In the present study, we detected a total of 7,108 OTUs classified into 969 genera, among which, 201 genera dominated the cutaneous microbiota and habitat microbiota. Streptococcaceae unidentified genus (24.48% ± 5.37%), genus Lactococcus (7.97 ± 1.46%), genus Clostridium (3.79% ± 0.37%), Comamonadaceae unidentified genus (3.70% ± 0.30%), and Betaproteobacteria unidentified genus (2.48% ± 1.19%) were the five most abundant genera in the cutaneous microbiota of healthy hybrid snakehead, whereas genus Clostridium (16.37% ± 6.71%), Peptostreptococcaceae unidentified genus (6.24% ± 7.25%), Comamonadaceae unidentified genus (2.73% ± 1.98%), JTB215 unidentified genus (2.69% ± 1.27%), and Betaproteobacteria unidentified genus (2.48 ± 2.52%) were the five most abundant genera in the cutaneous microbiota of hybrid snakehead with EUS. At both the OTU (PERMANOVA, F = 12.746, p < 0.001; Fig. 3A) and genus (PERMANOVA, F = 16.409, p < 0.001; Fig. 3B) levels, there were significant difference among the microbiota from the cutaneous microbiota of hybrid snakehead with EUS, cutaneous microbiota of healthy controls, pond water, and pond sediment (Figs. S1A and S1B). The unweighted UniFrac distances in the EUS group were significantly higher than those in the PW group (Wilcoxon test, p = 0.001; Fig. S1C; Table S2). The weighted UniFrac distances in the EUS group were significantly higher than those in the healthy group (Wilcoxon test, p < 0.001) and the PW group (Wilcoxon test, p = 0.001; Fig. S1D; Table S2). The weighted UniFrac distances between groups were significantly higher than those within groups (Fig. S1D; Table S2). The LEfSe results indicated that bacteria classified into the genera Anaerovorax, Anaerosinus, Dorea, and Clostridium were significantly enhanced in the cutaneous microbiota of hybrid snakehead with EUS, whereas those classified into the genera Arthrobacter, Dysgonomonas, Anoxybacillus, Bacillus, Solibacillus, Carnobacterium, Lactococcus, Streptococcus, Achromobacter, Polynucleobacter, Vogesella, and Pseudomonas were significantly reduced (Fig. 3C).

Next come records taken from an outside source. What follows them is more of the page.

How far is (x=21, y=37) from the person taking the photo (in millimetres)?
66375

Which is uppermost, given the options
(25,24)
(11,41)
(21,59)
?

The dominant OTUs enhanced in the cutaneous microbiota of hybrid snakehead with EUS tended to be positively correlated with the dominant OTUs in the sediment, whereas dominant OTUs in the cutaneous microbiota of healthy hybrid snakehead tended to be positively correlated with those reduced in the cutaneous microbiota of hybrid snakehead with EUS or those in the sediment (Fig. 4). The dominant OTUs reduced in the cutaneous microbiota of hybrid snakehead with EUS tended to positively correlated with those in the pond water (Fig. 4). These results indicate that the dominant cutaneous microbiotas of hybrid snakehead with EUS were more closely related to the sediment microbiotas, whereas those of healthy hybrid snakehead were closer to the pond water microbiotas.